### RECORDS
Start of Block
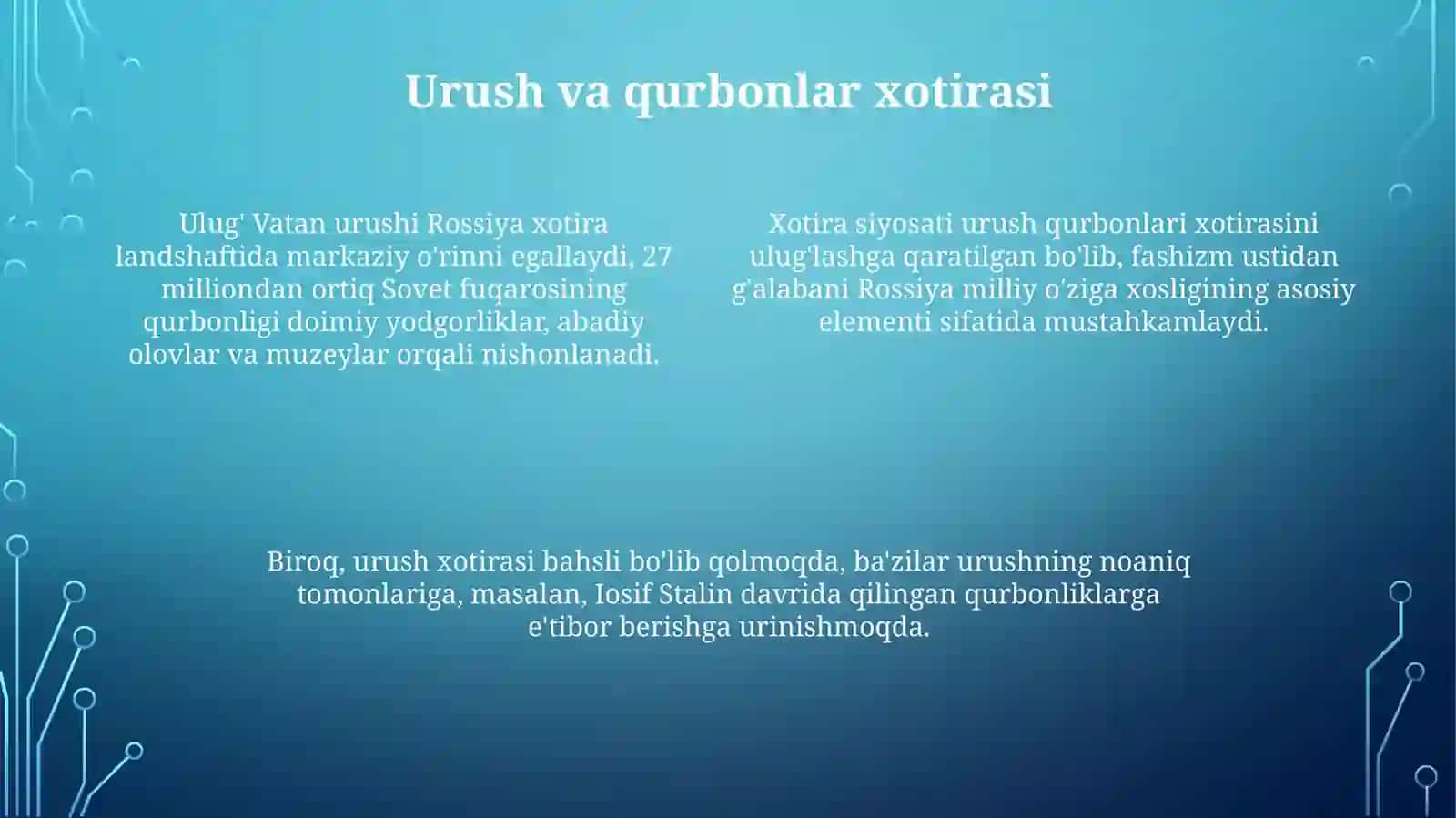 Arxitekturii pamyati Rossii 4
End of Block
Start of Block
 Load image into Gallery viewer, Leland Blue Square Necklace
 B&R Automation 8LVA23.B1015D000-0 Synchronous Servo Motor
End of Block
Start of Block
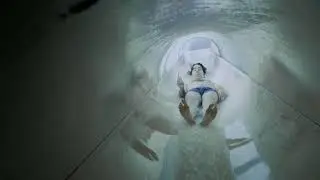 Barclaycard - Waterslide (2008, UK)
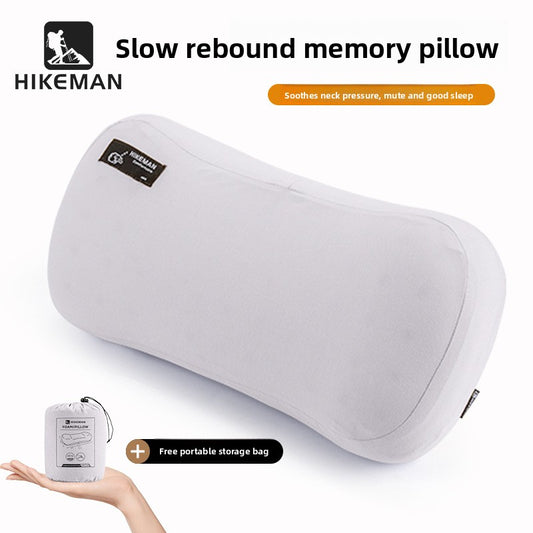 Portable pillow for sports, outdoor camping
End of Block
### WORK TASK
Above are records; repeat only the lines starting at the line with "Load image into" and ending at the line with "B&R Automation 8LVA23.B1015D000-0", exactly as they appear, both included.

### FINISHED TASK
 Load image into Gallery viewer, Leland Blue Square Necklace
 B&R Automation 8LVA23.B1015D000-0 Synchronous Servo Motor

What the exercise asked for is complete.